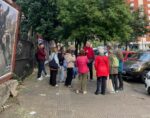 Vecinos de Saavedra reclamaron ante representantes de la Legislatura por el Parque Goyeneche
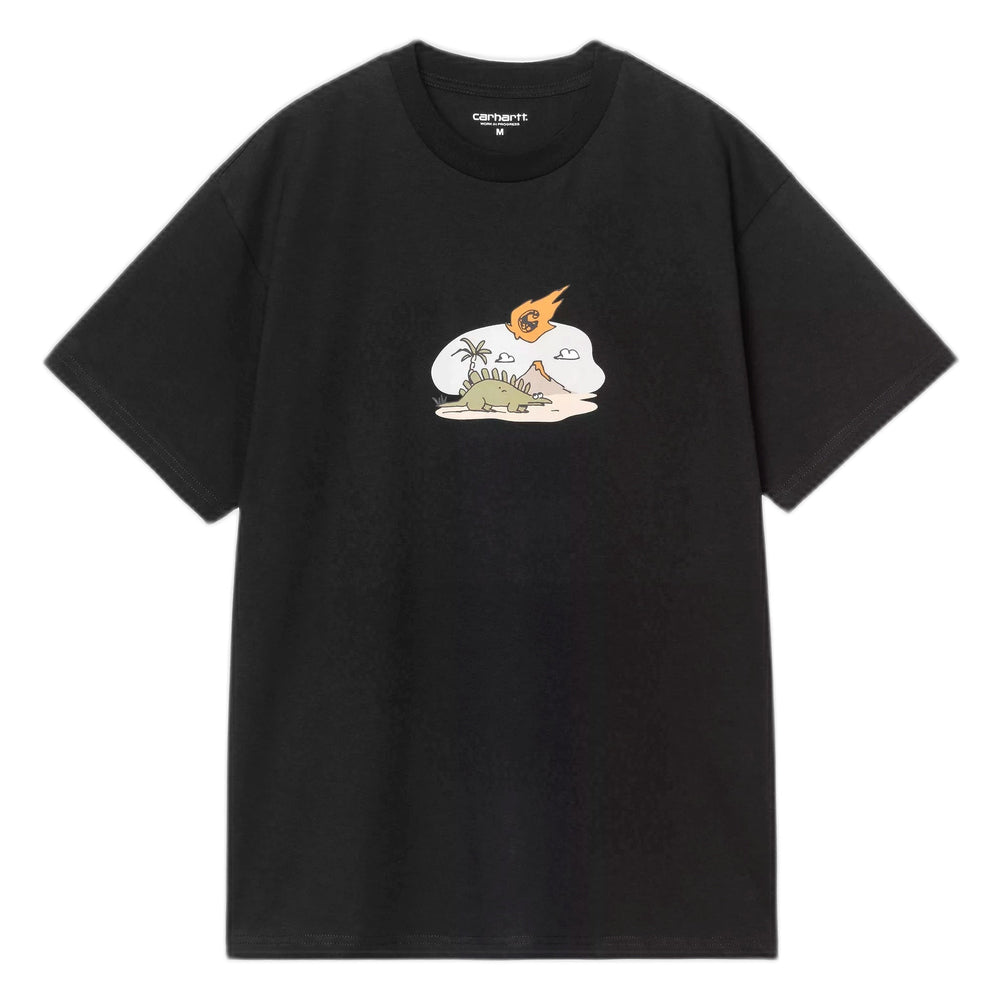 T-Shirt Carhartt Wip S/S impact - Black-Francis Concept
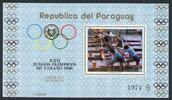 Paraguay Paraguay Block 346 postfrisch Olympia 1980 MiNr. Block 346 postfrisch Olympia 1980 -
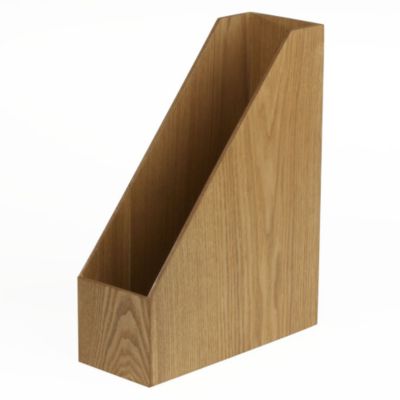 Tu Oak Veneer File Holder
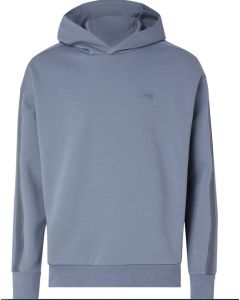 Calvin Klein bluza Logo Tape Comfort Hoodie morski L Kolor morski Rozmiar1 L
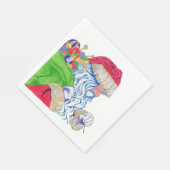 ペーパーナプキンサンタ スタンダードランチョンナプキン (角)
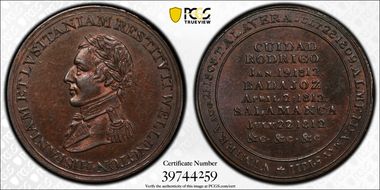 (c.1812) Tk 1/2D WE-11A1 BR-987 MS63BN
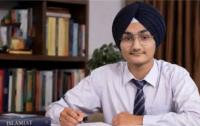 Sikh student Onkar Singh secures Second Position in Lahore Matric Exams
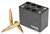 LYMAN PRODUCTS CORP Lyman 7833003 MSR Ammo Checker Block Black Multi Rifle Firearm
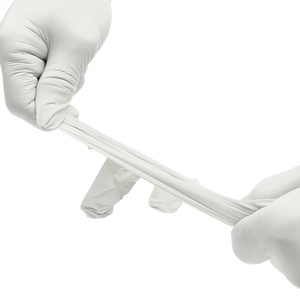 Gants en latex jetables imperméables de Malaisie, prix fabricant, M5.0g, sans poudre, pour examen médical - Product Image 6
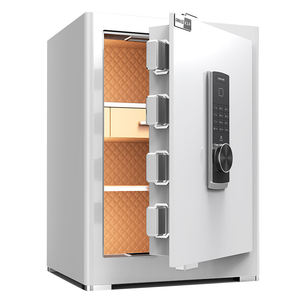 <span class=keywords><strong>Caja</strong></span> Fuerte Electrónica con Contraseña y Huella Dactilar de 45 mm, Colorida, de Alta Seguridad, <span class=keywords><strong>para</strong></span> Hogar, Dormitorio, Estudio, Escuela, Hospital, Banco - Product Image 1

— THE PROBLEM —
A word-for-word copy of the listing is the goal; keep every picture out of it.

— PROBLEM SOLUTION —
 Vecinos de Saavedra reclamaron ante representantes de la Legislatura por el Parque Goyeneche
 T-Shirt Carhartt Wip S/S impact - Black-Francis Concept
 Paraguay Paraguay Block 346 postfrisch Olympia 1980 MiNr. Block 346 postfrisch Olympia 1980 -
 Tu Oak Veneer File Holder
 Calvin Klein bluza Logo Tape Comfort Hoodie morski L Kolor morski Rozmiar1 L
 ペーパーナプキンサンタ スタンダードランチョンナプキン (角)
 (c.1812) Tk 1/2D WE-11A1 BR-987 MS63BN
 Sikh student Onkar Singh secures Second Position in Lahore Matric Exams
 LYMAN PRODUCTS CORP Lyman 7833003 MSR Ammo Checker Block Black Multi Rifle Firearm
 Gants en latex jetables imperméables de Malaisie, prix fabricant, M5.0g, sans poudre, pour examen médical - Product Image 6
 <span class=keywords><strong>Caja</strong></span> Fuerte Electrónica con Contraseña y Huella Dactilar de 45 mm, Colorida, de Alta Seguridad, <span class=keywords><strong>para</strong></span> Hogar, Dormitorio, Estudio, Escuela, Hospital, Banco - Product Image 1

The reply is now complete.